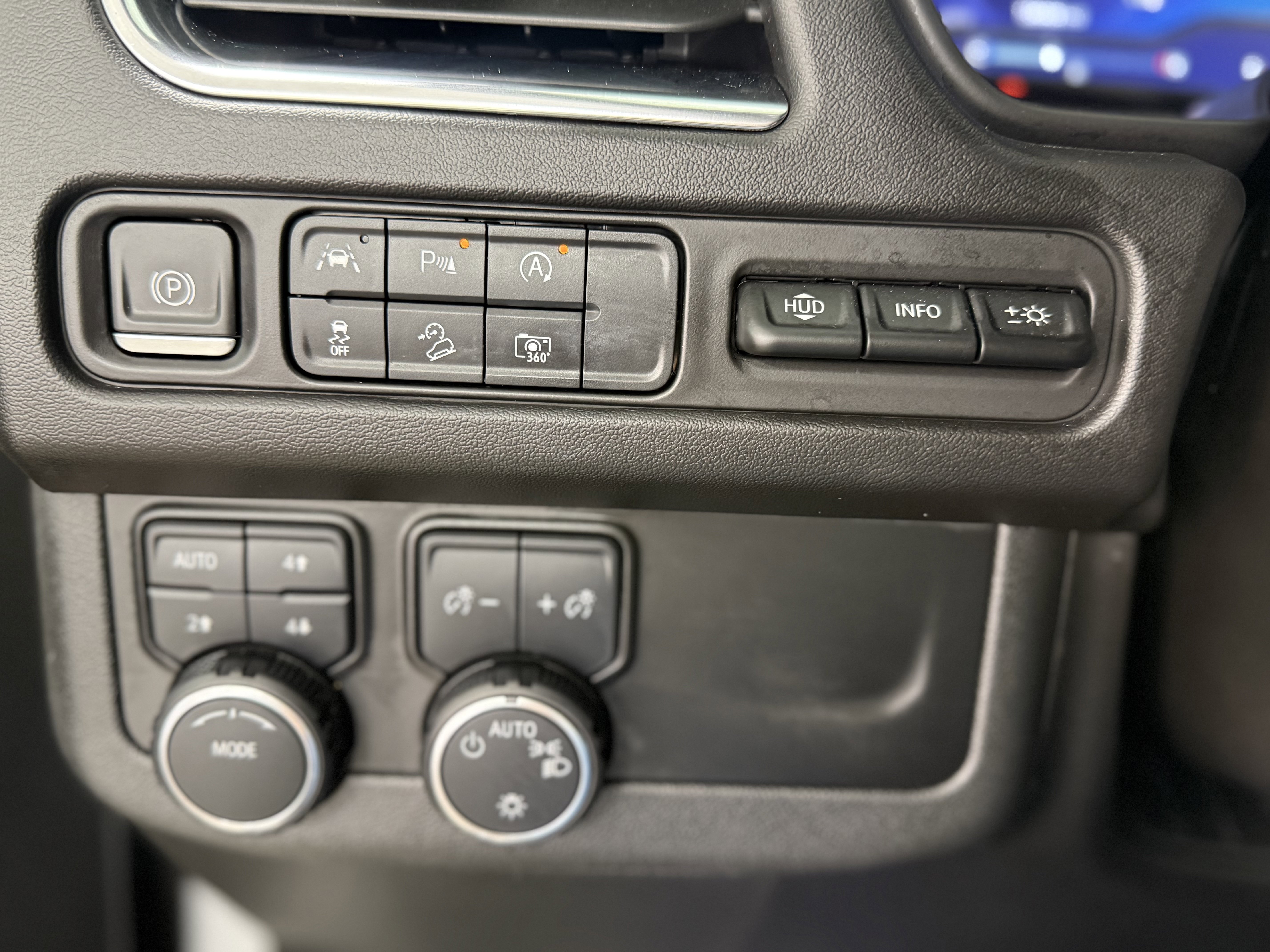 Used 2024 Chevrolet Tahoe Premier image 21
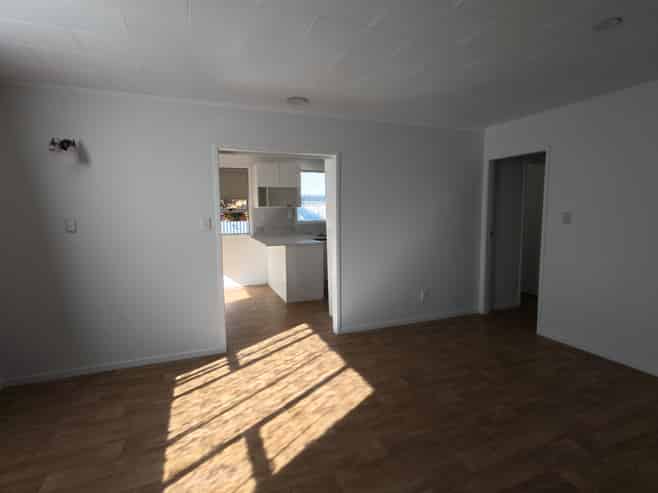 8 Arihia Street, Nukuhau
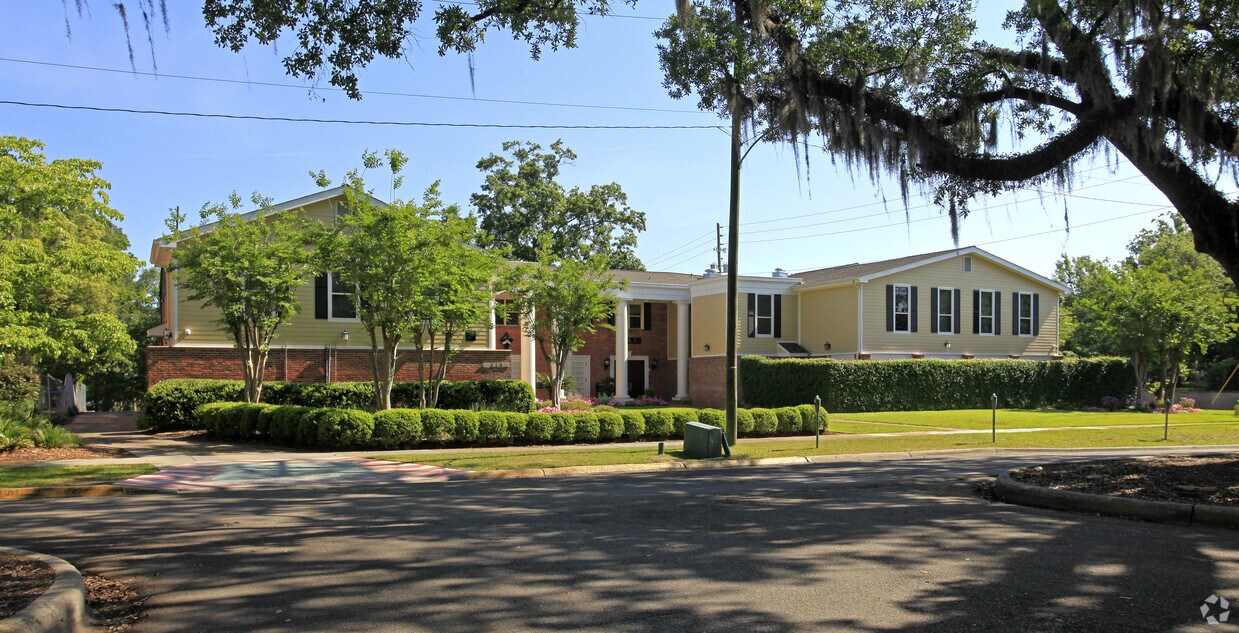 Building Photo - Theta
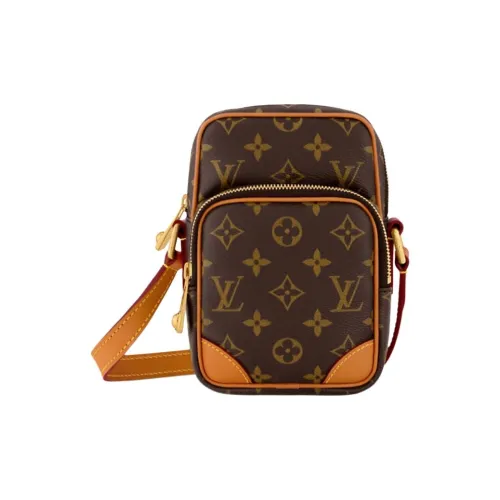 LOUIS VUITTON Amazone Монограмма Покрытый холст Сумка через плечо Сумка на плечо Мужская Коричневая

--

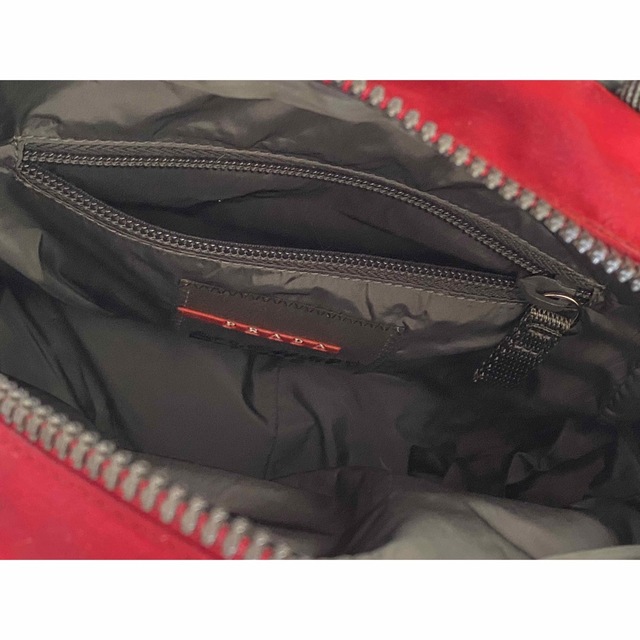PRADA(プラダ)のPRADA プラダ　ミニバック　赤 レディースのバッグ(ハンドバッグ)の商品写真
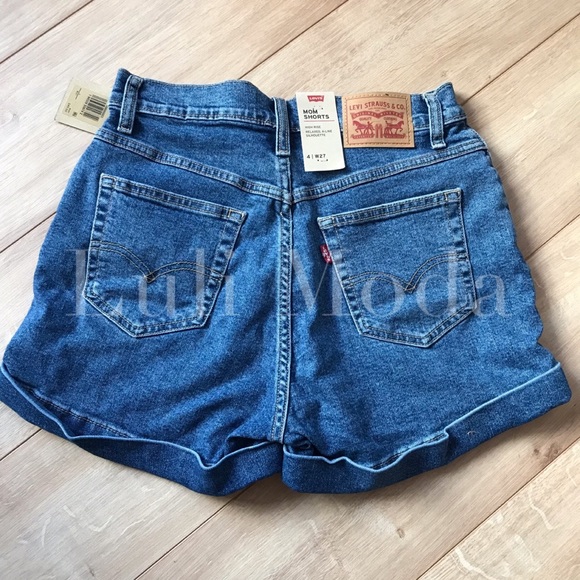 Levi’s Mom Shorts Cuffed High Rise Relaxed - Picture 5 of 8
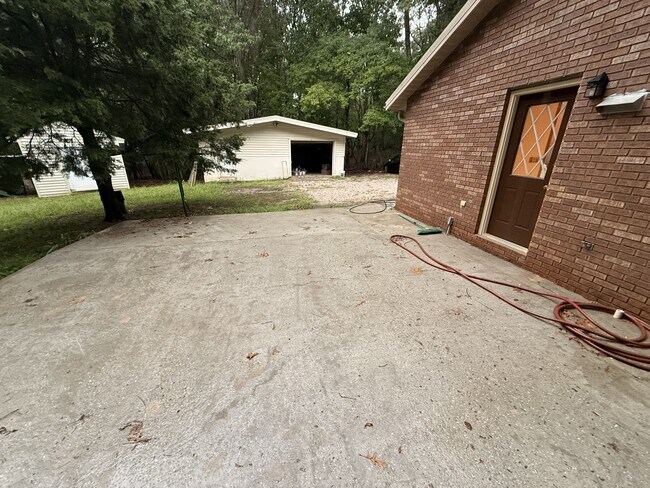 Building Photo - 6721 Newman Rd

---

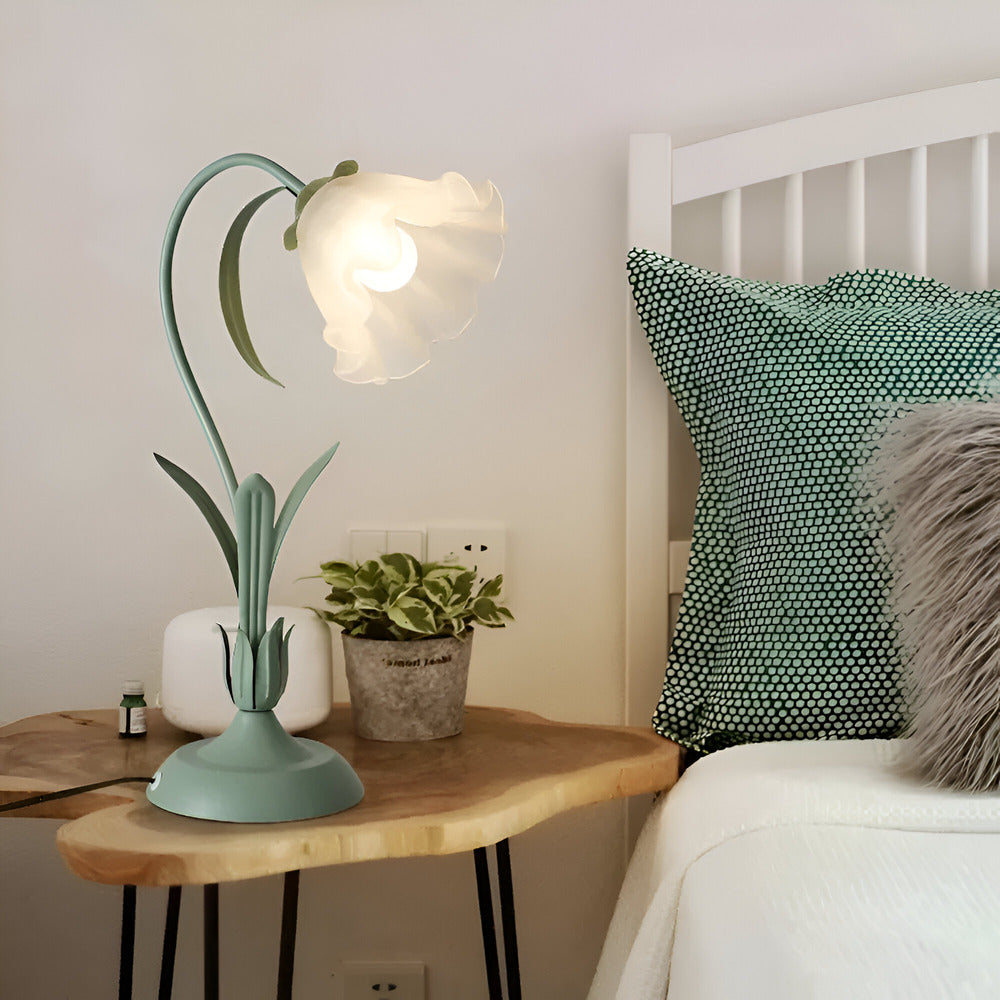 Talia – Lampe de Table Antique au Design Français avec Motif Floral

TASK OBJECTIVE: Return the stretch of data that begins with the line showing "Used 2024 Chevrolet Tahoe Premier image 21" and goes on through the line showing "LOUIS VUITTON Amazone", exactly, with pictures removed.

ANSWER FOR THE TASK:
 Used 2024 Chevrolet Tahoe Premier image 21
 8 Arihia Street, Nukuhau
 Building Photo - Theta
 LOUIS VUITTON Amazone Монограмма Покрытый холст Сумка через плечо Сумка на плечо Мужская Коричневая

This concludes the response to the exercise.